**Prompt**:
Don't include any picture when you restate the data word for word.

:: Provided material

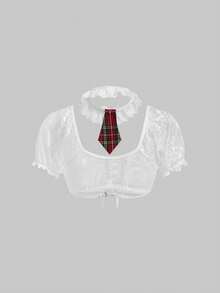 ROMWE J-Fashion 可爱卡哇伊学院风蝴蝶结露脐上衣和格子迷你裙性感内衣套装 - 彩色 - 查看 8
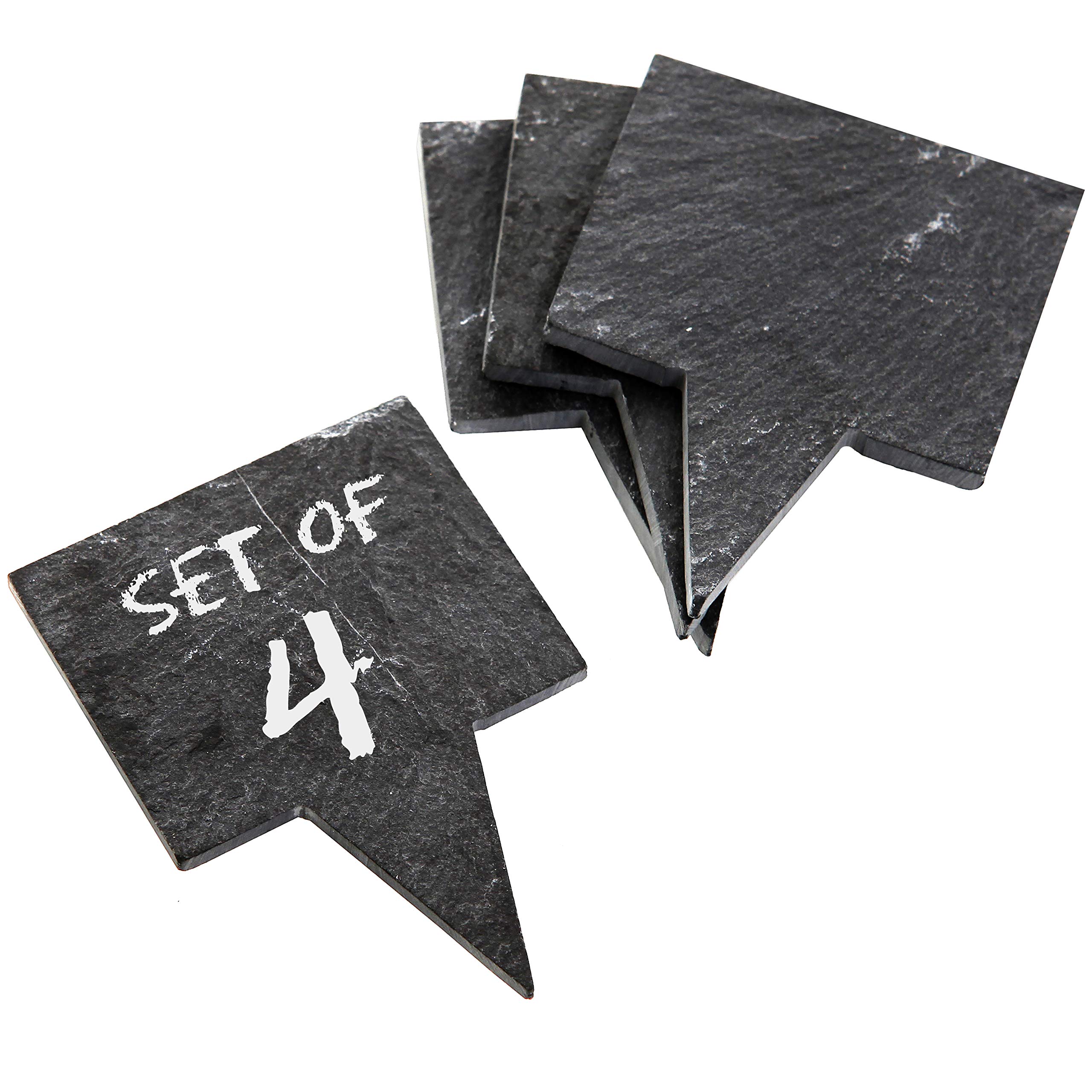 MyGift Set of 4 Natural Slate Rectangle Cheese Markers, Mini Chalkboard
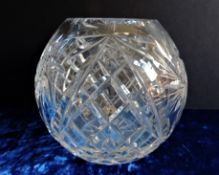 Vintage Bohemian Pinwheel Crystal Globe Vase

::::

**Answer**:
 ROMWE J-Fashion 可爱卡哇伊学院风蝴蝶结露脐上衣和格子迷你裙性感内衣套装 - 彩色 - 查看 8
 MyGift Set of 4 Natural Slate Rectangle Cheese Markers, Mini Chalkboard
 Vintage Bohemian Pinwheel Crystal Globe Vase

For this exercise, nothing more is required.